To whom it may concern, this is a plea for help from all prisoners housed in David Wade Correctional Center (DWCC) located in Homer, Louisiana.

Warden Goodwin is locking us inside these torture chambers for years with no educational activities, no corrective-rehabilitative programs, and no counseling for mental health. The lawmakers' and courts' intentions were to send those convicted of a crime to prison as a punishment, not to be oppressed, tortured in a cell 24-7 with nothing to do for years with nothing to better themselves, also with no TV or radio to have contact with the outside world. The lawmakers' intent was that prisoners receive correction and rehabilitation so as to return to society as productive, tax-paying, law-abiding members. By prisoners not being able to better themselves behind these walls, that is what makes us the highest incarceration state of the U.S.

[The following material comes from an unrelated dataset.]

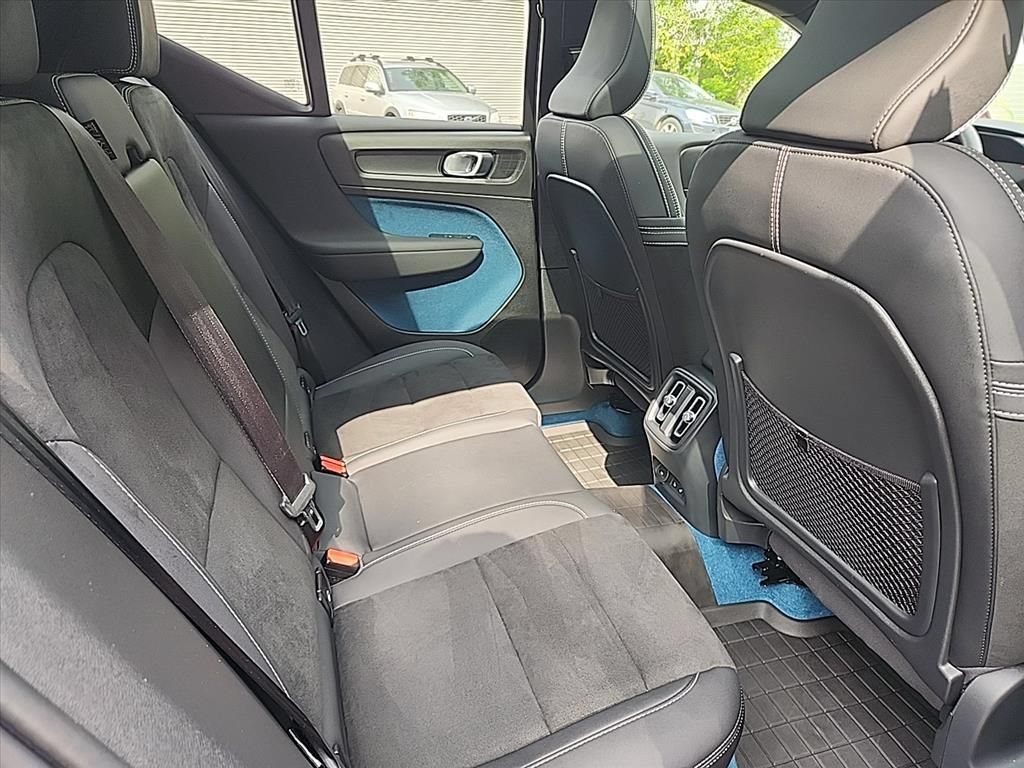Certified 2023 Volvo XC40 Recharge Ultimate w/ Protection Package Premier AWD/4WD image 29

Warden Goodwin is forcing mentally ill prisoners in a cell together 24-7, only coming out for a shower, and in turn these prisoners are hurting each other and raping each other. The policy #035 stated no maximum ext-lockdown inmate should be housed together but they are at DWCC where if you do not go in the cell you will be pepper sprayed. And not knowing what to expect or having any idea as to the length of confinement is added stress and particularly traumatizing, compounded by simplistic practices. The courts have also held that housing mentally ill prisoners under conditions of extreme isolation is unconstitutional, see Wilkerson v. Goodwin 12-17-14 [This case addressed long-term/indefinite solitary confinement, not specifically for the mentally ill - ULK Editor]. There has been much research that demonstrated that prolonged solitary confinement is most dangerous to the mentally ill. Thus, we become disturbed with mental anguish that compels us to grab and adopt to other means and channel our pain, many are cutting themselves and going on hunger strikes. These are only a few experiences of prisoners. We need help, we need change, expose this torture!

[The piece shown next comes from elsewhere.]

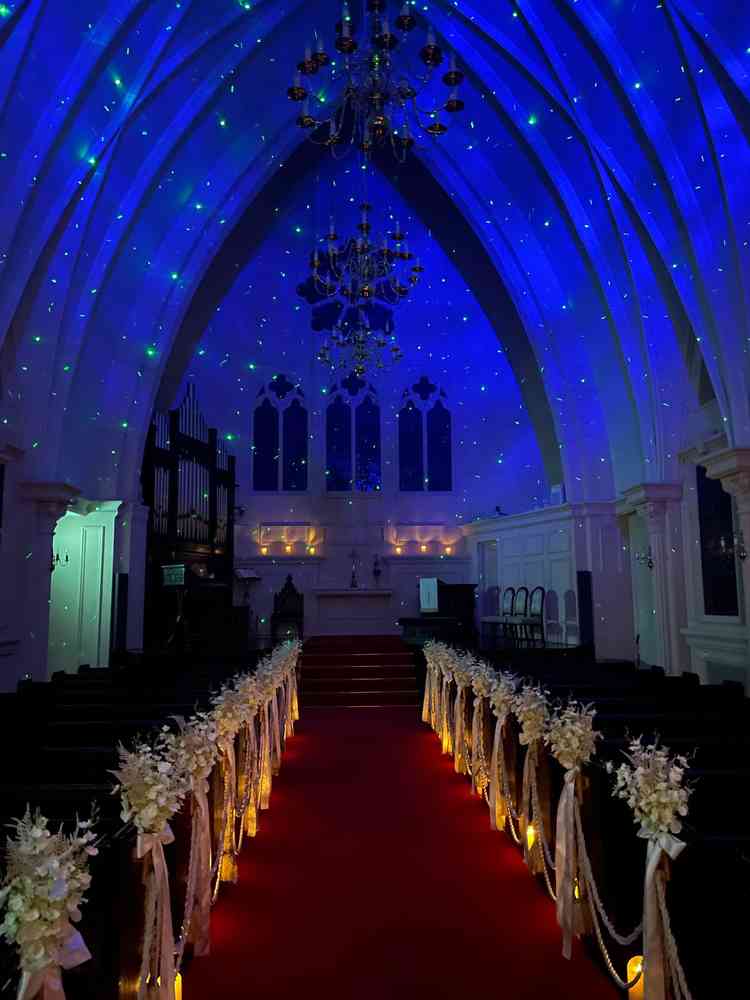 大聖堂の演出の一つであるプラネタリウムです。キャンドルの灯りと星空が相まって幻想的な雰囲気になります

Help us today, make a call or fax our governor and head of DOC. Ask them to close the torture chamber confinement unit at DWCC:

James Leblanc, Secretary of Corrections 225-342-6740 fax: 225-342-3095
Governor John Edwards 225-342-7015 fax 225-342-0002

MIM(Prisons) adds: As we have discussed elsewhere, isolation in prisons and mental illness reinforce each other under the current imperialist prison model. Too often people in these institutions are seen as lacking as individuals, when it is a system that creates this crisis in mental health. That is one reason we have continued to focus on the campaign to end the torture that is solitary confinement in the U.$. injustice system.

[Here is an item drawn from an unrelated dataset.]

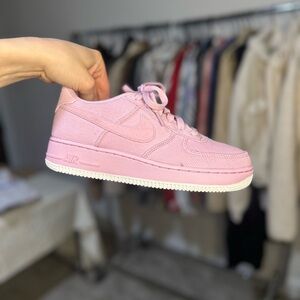 Nike Air Force 1 Low Corduroy – Pink (Size 6Y / Women’s 7.5)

This issue of Under Lock & Key is focused on disabilities in prison. The use of control units to torture people, leading to physical and mental health problems is very much related to this topic. Long-term isolation is creating more and more disabled prisoners, by destroying their health. And then prisons are perpetuating this problem by failing to provide adequate care for the problems they created.